The Best Restaurants In Malmö, Sweden
Old meets new in Malmö, where the restaurant scene is as diverse as the architecture | © Sergey Dzyuba / Alamy Stock Photo
Malmö has a wealth of exciting restaurants, with something for everyone – the city has excellent Asian food, upmarket fine dining and innovative vegetarian restaurants. Sustainability and locally sourced food are also points of pride at many of these 12 restaurants, the best in Malmö right now.
Restaurant, Asian, $$$
Affordable, fresh and innovative: the Asian food at Dubbel Dubbel has made it one of the most popular restaurants around Malmö’s Möllan neighbourhood. While you can order dish-by-dish here, it’s the set menus that people come for.
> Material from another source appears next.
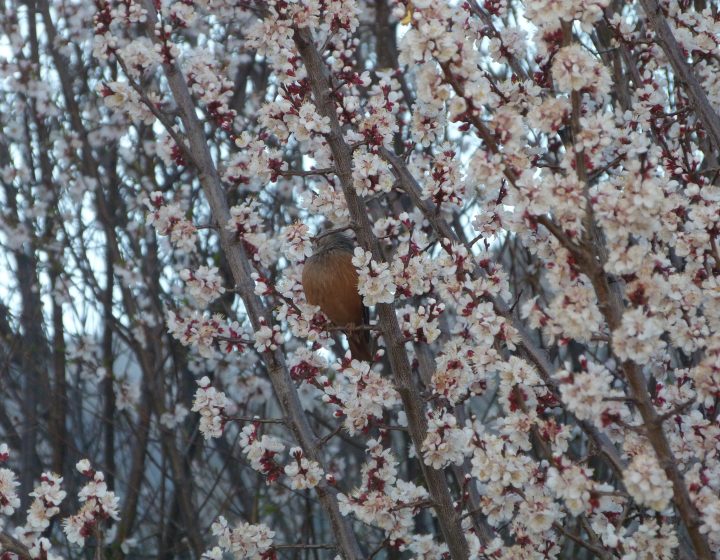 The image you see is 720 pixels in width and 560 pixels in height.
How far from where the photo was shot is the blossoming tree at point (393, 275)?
8.24 ft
They’re well-priced, at between 215 and 295 kronor (£17-24), and each set menu gives you a good mix of Dubbel Dubbel’s dumplings, mantao (steamed Chinese buns), salads and rice. In winter the restaurant is a cosy indoor affair; when the weather gets warmer, it moves into its own courtyard and stays outside all summer long. Dubbel Dubbel also has a good beer selection and tasty cocktails, and is perfect for a laid-back dinner with friends in the multicultural and lively area of Möllan. Make sure to book, though – it gets busy.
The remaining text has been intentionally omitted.